Scroll down to check your answers to our poster puzzles, or further down for a copy of our poster, or even further for hints if you're stuck!
MAA MathFest 2023 attendees: If you have questions, you can find MaPP volunteer Steven Clontz at "The PROSE Consortium" exhibit booth during most of the meeting!
What is MaPP anyway?
The mission of Mathematical Puzzle Programs (MaPP) is to organize quality events which get students moving around, engaged in problems, and having fun by learning and using mathematics to solve a series of puzzles.
Our signature event, the MaPP Challenge, is a puzzlehunt event ran at several college campuses across the country each year, open to their local communities, particularly high school students. Players find puzzles hidden at physical locations across campus, delivered through a GPS-enabled smart device applicaiton. Correct solutions generally lead to new locations and additional puzzles, and our main puzzles are inspired by concepts from contemporary mathematics subjects and research. Email us at firstname.lastname@example.org to get involved!

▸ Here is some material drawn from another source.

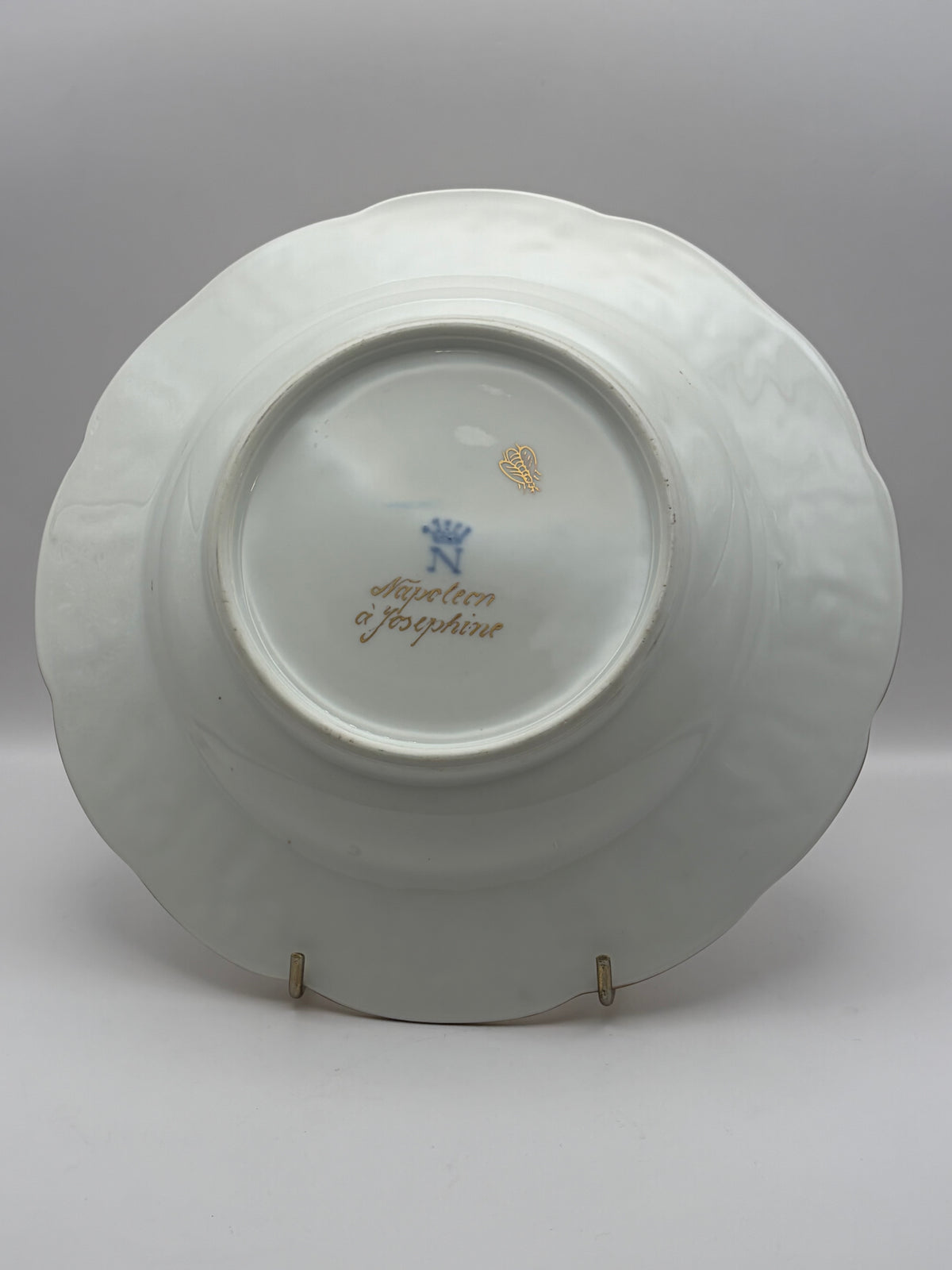 White Porcelain Plate Napoleon & Josephine Coat of Arms Gold Trim 10” Round capodimonte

This puzzle requires the use of a common code used in our "cryptic puzzles". Ever heard of flag semaphore?
In order to read semaphore, you'll need to orient the flags in a common direction.
There are five semaphore figures, but the solution has eleven letters.
Some of the letters in the hidden word are encoded by circles. These can also be converted into semaphore configurations, but how?
Did you notice that the circles match the three puzzle colors? How might you take a section of the poster associated with a puzzle color and obtain a semaphore letter?
This puzzle includes an incomplete grid of the letters A-Y. You'll need to find a way to insert the missing letters shown into the grid.
Each row of the grid has a certain rule that fits exactly five of the 25 letters used in the puzzle.
This rule has to do with a mathematical field called "topology": each letter in a row can be deformed into every other letter in a certain way.
All the letters in each row are "homeomorphic", which is a mathy way to ensure that they all have the same kinds of loops and intersections, even if they aren't "congruent" geometrically.
Once all the homeomorphic letters are positioned in alphabetical order in each row, the numbers 1-8 designate which letters can be extracted into the eight-letter solution.
This puzzle is all about data analysis. The images at the base somehow describe the two example datasets of six integers given for each.
To solve this puzzle, you'll need to figure out the rule that connects the eight datasets with the figures at the base. Then each dataset yields a letter, spelling an eight-letter solution.
The key is to consider how close the datapoints are to each other. For example, 65 is closer to 68 than 13 is to 19.
The first two columns of each figure describe how among the six datapoints given, there is always a pair that is closer together than any other pair of numbers.
Imagine the numbers positioned on a number line, and that these points grew outward into line segments at the same speed. When would these segments start to overlap? What would that look like? Eventually they'd all overlap, which is why the last column of each figure is always a single line segment.